Compound Finance executed a proposal to update its price feed but the move resulted in a code error “that is causing transactions for cETH suppliers and borrowers to revert.” The protocol submitted a new proposal to bring back the previous version of the price feeds but the process will take seven days, during which cETH borrowing and lending markets will be frozen.

No Funds at Risk, Says Compound Founder

Interest rate protocol Compound Finance reported a code bug that has frozen the Compound Ether (cETH) borrowing and lending markets for seven days. The bug emerged when Compound executed Proposal 117 to update its price feeds.

“No funds seem immediately at risk. It will likely be seven days until cETH is functioning normally. There will potentially be more governance proposals to rectify the situation.”

– Robert Leshner, founder of Compound Labs

The error is preventing users from borrowing or withdrawing collateral but they will still be able to settle debt and “add collateral, even Ether collateral,” Compound wrote on Twitter. The bug also caused the interface to stop working but the protocol expects it to become operational again shortly.

Compound Labs has created a new proposal to revert to the previous price feed, but the proposal must undertake a 7-day governance process before coming into effect. The protocol said the code error came even though the oracle contract was reviewed by three separate smart contract audit firms, including OpenZeppelin and ChainSecurity.

OpenZeppelin’s Security Solutions Architect Michael Lewellen said the bug originated from the “getUnderlyingPrice” function, which failed to update the price feed.

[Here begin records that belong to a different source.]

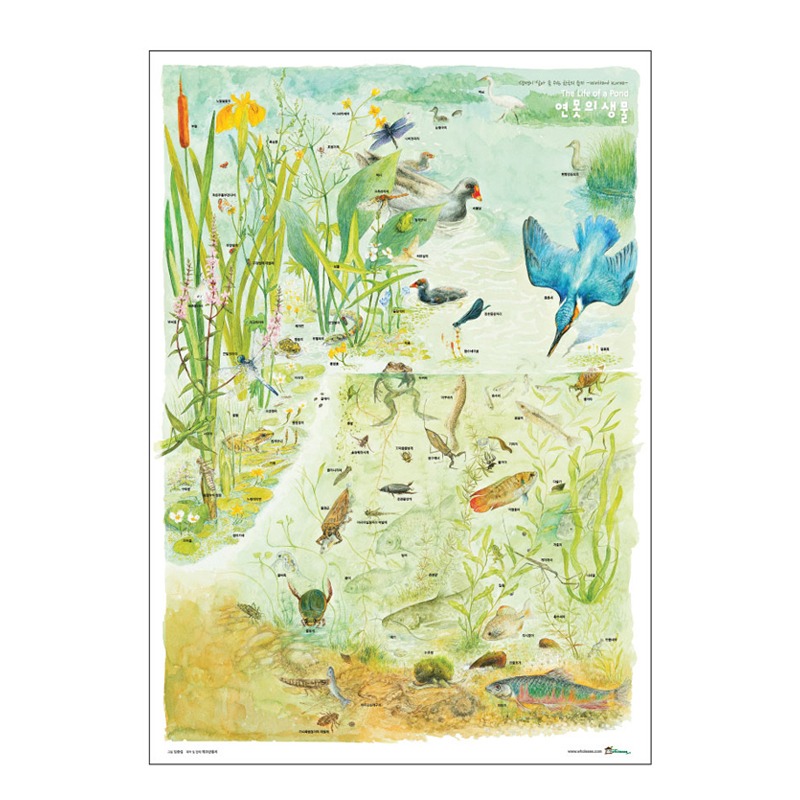 연못의 생물 포스터(코팅)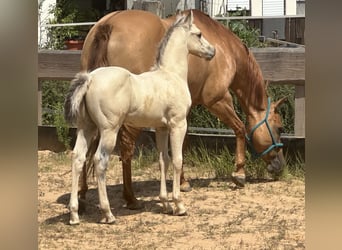 American Paint Horse, Stallion, 1 year, 14.1 hh, Buckskin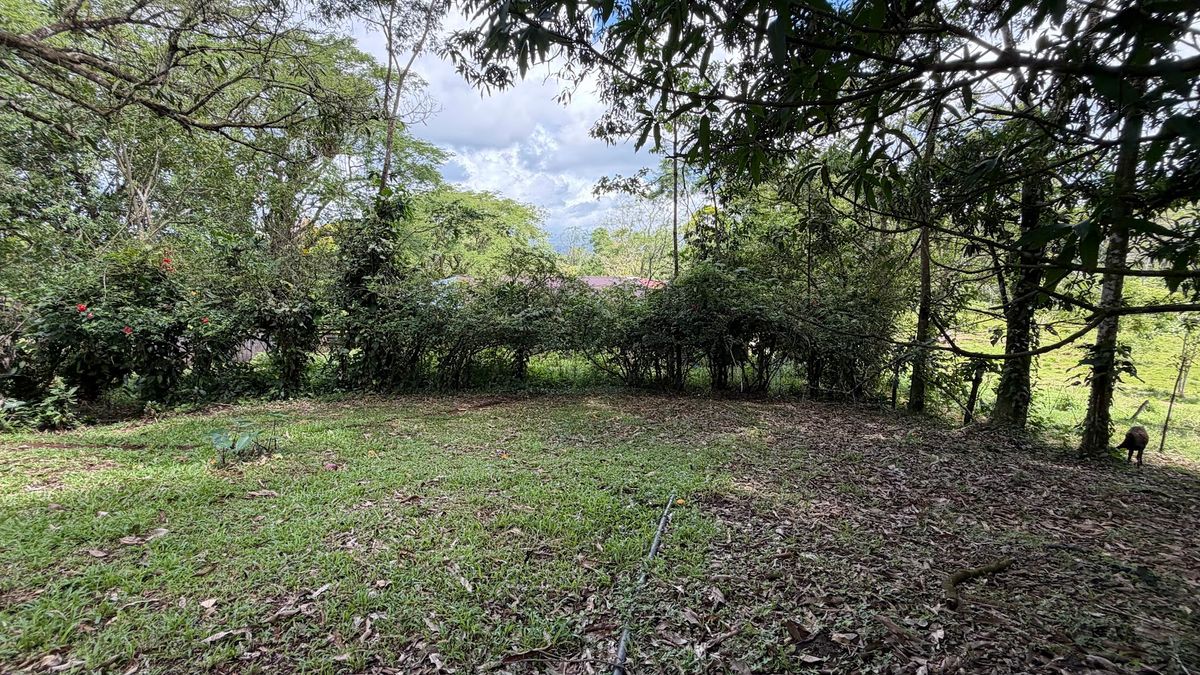 Fully Operational Livestock Development in Cuatro Esquinas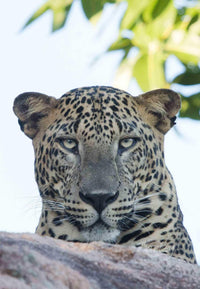 Prince of Yala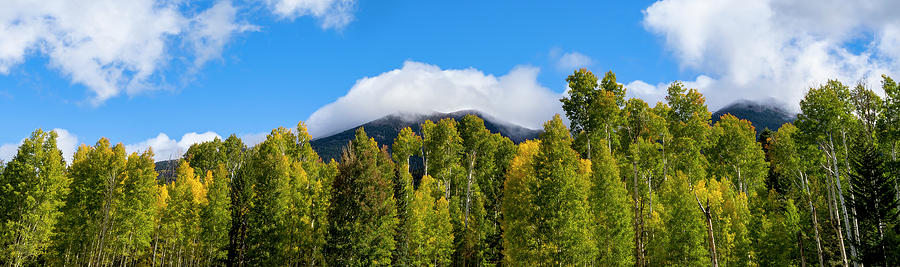 Peaks Hidden by Aspen Forest Photograph by Jim Wilce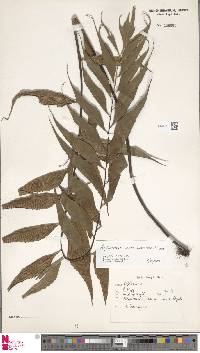 Image of Asplenium anisophyllum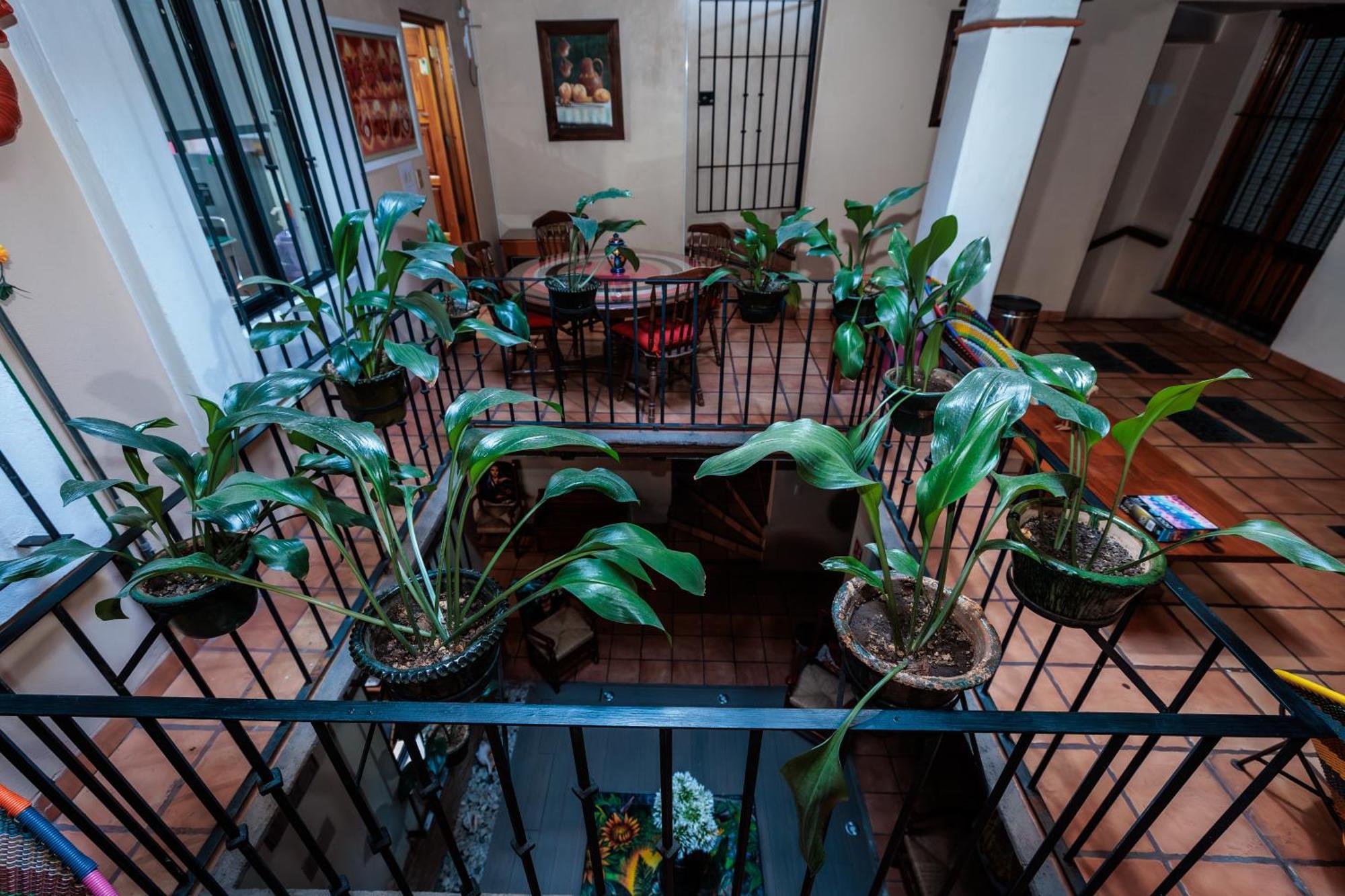Casa Rosa Mexicano Oaxaca Exterior foto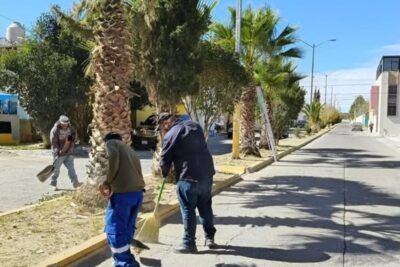 Renuevan la imagen de la calle Plata: Servicios Públicos realiza limpieza integral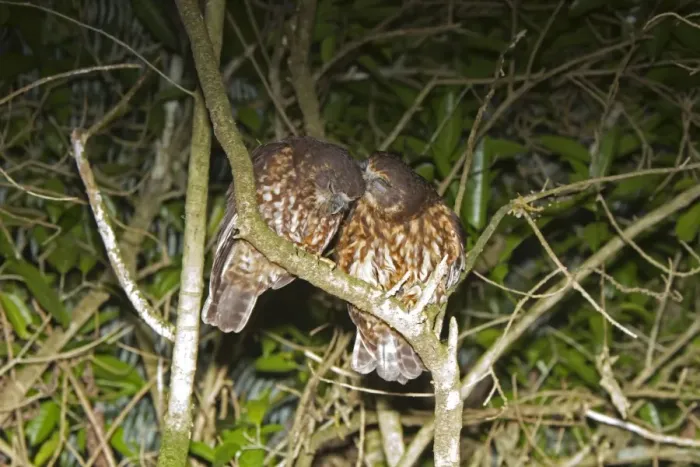 Framed Print : Southern Boobook (Ninox novaeseelandiae) adult pair, mutual preening, perched on branch at night, New Zealand, november Framed Print : Southern Boobook (Ninox novaeseelandiae) adult pair, mutual preening, perched on branch at night, New Zealand, november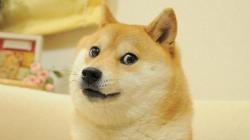 User Profile: Dogie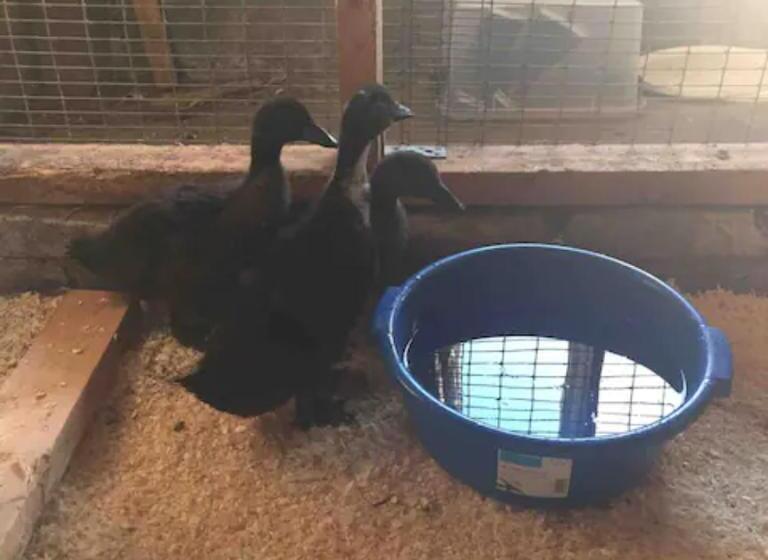 호텔 Niiralan Tila : Starlite Cabin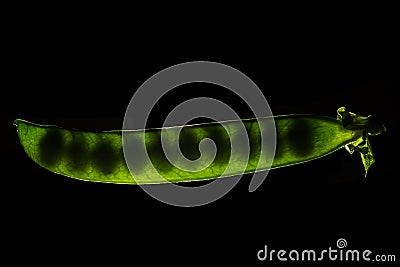 Pea pod with peas inside Stock Photo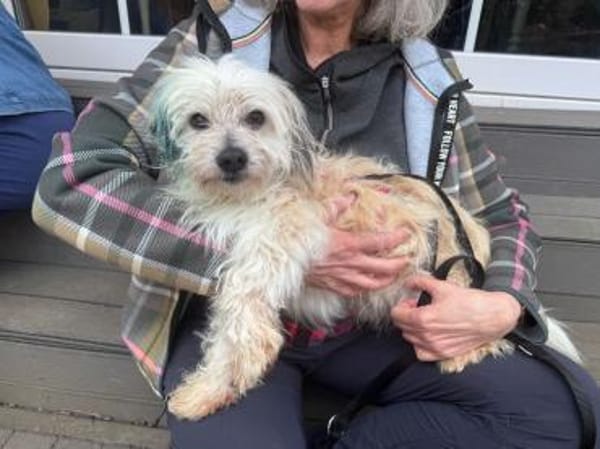 YUMI-zuckersüßer  Wuschel-Rüde, 35 cm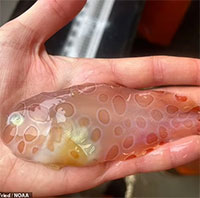 Tìm thấy "cá ốc sên" trong suốt cực hiếm nơi biển sâu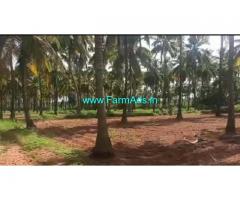 25 Acre Farm Land for Sale Near Muskal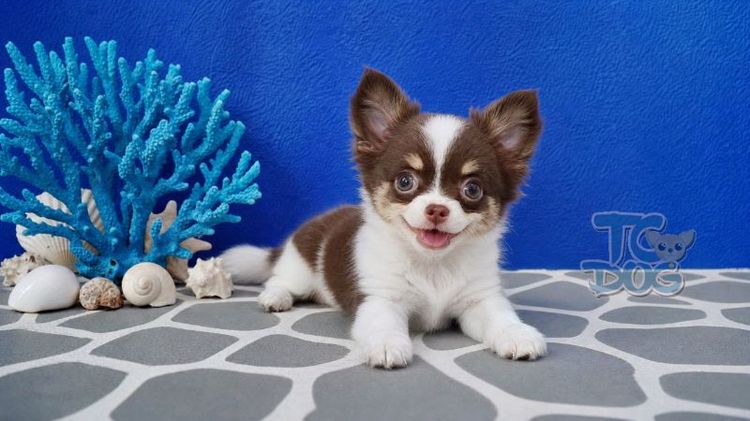 Teacupdog.org(ชิวาวาขนยาว) รูปที่ 2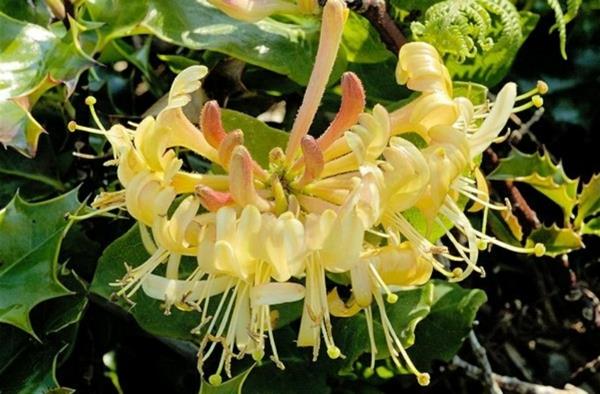 Άνθη γιασεμιού φυτικά είδη λουλούδια κίτρινα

Lewellen confirmed no funds are at risk at the moment and that “the rest of the cToken markets on Compound V2 and all of V3 will remain functional.”

Code Error Adds to Compound’s 2022 Woes

The new bug marks another challenge for Compound this year, which has struggled amid the broader crypto market downturn. Earlier this year, Compound’s Q1 2022 report showed that liquidations on the interest rate protocol soared by 295% during the three-month period.

Such a sharp increase in liquidated positions comes as investors rotated away from crypto due to sky-high inflation and the Fed’s aggressive monetary policy tightening. These headwinds have put severe pressure on the crypto market, which has lost more than a trillion dollars in value in recent months.

Earlier this week, the world’s largest cryptocurrency Bitcoin dropped below the $20,000 mark following Fed Chair Jerome Powell’s speech at the Jackson Hole annual conference last week. The U.S. central bank leader reiterated his commitment to continue fighting inflation through more interest rate hikes.